Человек не творец… не в том смысле, что не создавались великие книги или великая музыка. Конечно, создавались! И человек в этом очень важен. Вопрос в том, видите ли, что на самом деле происходит, когда происходит акт творчества. Если вы считаете, что Бетховен был человеком, наделенным особого рода гением, что и позволило ему из ничего (на пустом месте) написать девять выдающихся симфоний, значит, вы просто ошибаетесь и мало преуспели бы в амплуа учителя музыки. А теперь представим противоположное: вы считаете Бетховена человеком, который в самом юном возрасте напитался всей музыкой своего времени, а затем под впечатлением событий, случившихся лично с ним, несчастий, жизненных сложностей, внес в музыку нечто новое, и это дало столь блестящий результат, что он и дальше продолжал идти этим новым открытым им путем, поскольку получал мощное подкрепление своему сочинительству. Вот это уже совсем другая точка зрения, и Бетховен – да, действительно, великий человек.
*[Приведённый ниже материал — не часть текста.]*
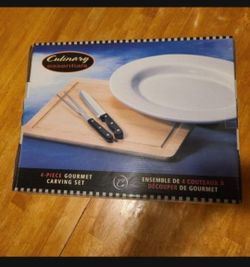 New Large Dishwasher Safe White Earthenware  Platter Carving Knife and Fork Set and a Large Pan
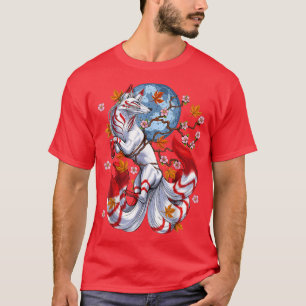 Kitsune Fos Japans Nine Tailed Fos Cherrys Bloss T-shirt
В. А вам не приходило в голову, что, возможно, существует некоторая часть человеческого поведения, которую не объяснишь, следуя этой вашей логике?
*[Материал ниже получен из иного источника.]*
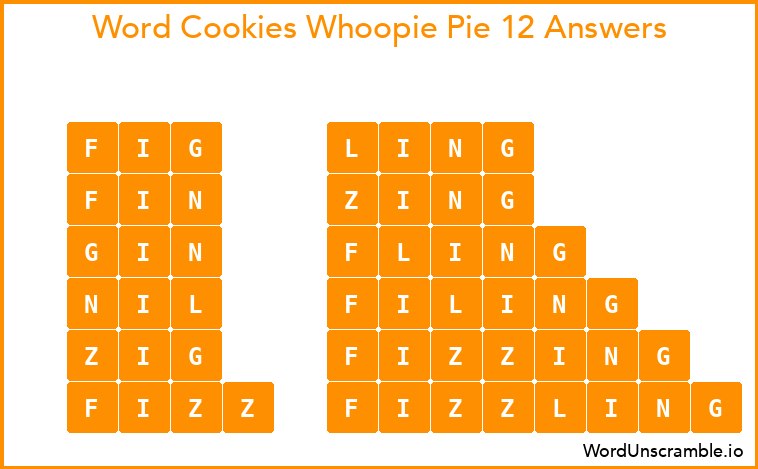Word Cookies Whoopie Pie 12 Answers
О. Ну, всегда можно сказать, что, наверное, остается нечто в человеческом поведении, что еще не получило объяснения или не может быть истолковано, но это то же самое, как если бы вы сказали Ньютону, что есть некоторое количество физических тел, не подчиняющихся закону гравитации. Но только где они?

Сэмюэл Батлер[957]… утверждал, что курица – это всего лишь способ для яйца произвести другое яйцо. Сегодня генетики скажут вам то же самое: организм… – это всего лишь нечто, что временно используется для того, чтобы могли выживать гены. Так вот, я думаю, что все это относится и к культурам. Я написал статью для Поэтического центра Нью-Йорка «Как рождается стихотворение». Я сравнил этот процесс с рождением ребенка. Но читатели невзлюбили мою аналогию, поскольку я сказал, что… мать – это всего лишь способ для оплодотворенной яйцеклетки произвести на свет другие оплодотворенные яйцеклетки.

Когда я учился в средней школе, огромное впечатление на меня произвела книга по ботанике, где подробно описывалась редька. Меня обвиняли в том, что я воспринимаю себя так же, как воспринимаю редьку, и думаю, что это, видимо, так и есть. В первый год редька наращивает огромный мощный корень. На следующий выпускает побеги, дает цветы, а потом и семена. И наконец, все это скукоживается и усыхает, и, когда семена созревают, растение уже погибло. И сама редька, стало быть, – это всего лишь способ для ее семян произвести новые семена. И вот я утверждал, что это так же верно и в отношении поэта: поэт – это просто способ для литературы наплодить еще больше литературы. И в этом смысле с поэтом происходит что-то, какие-то вариации происходят в «генетике», и вот появляется нечто новое, но вовсе не благодаря самому поэту. Не он, а его персональная судьба, прочитанные им стихотворные сочинения, критика, которую получили его произведения, и прочее подобное – вот что несет ответственность за его творчество. И должны ли мы почитать его за это? Да, мы отдаем ему должное, потому что это способ, каким мы побуждаем людей делать те или иные вещи, но с научной точки зрения это незаслуженно. Если спросить, а что человек внес лично от себя, то, думаю, ответом будет: ничего.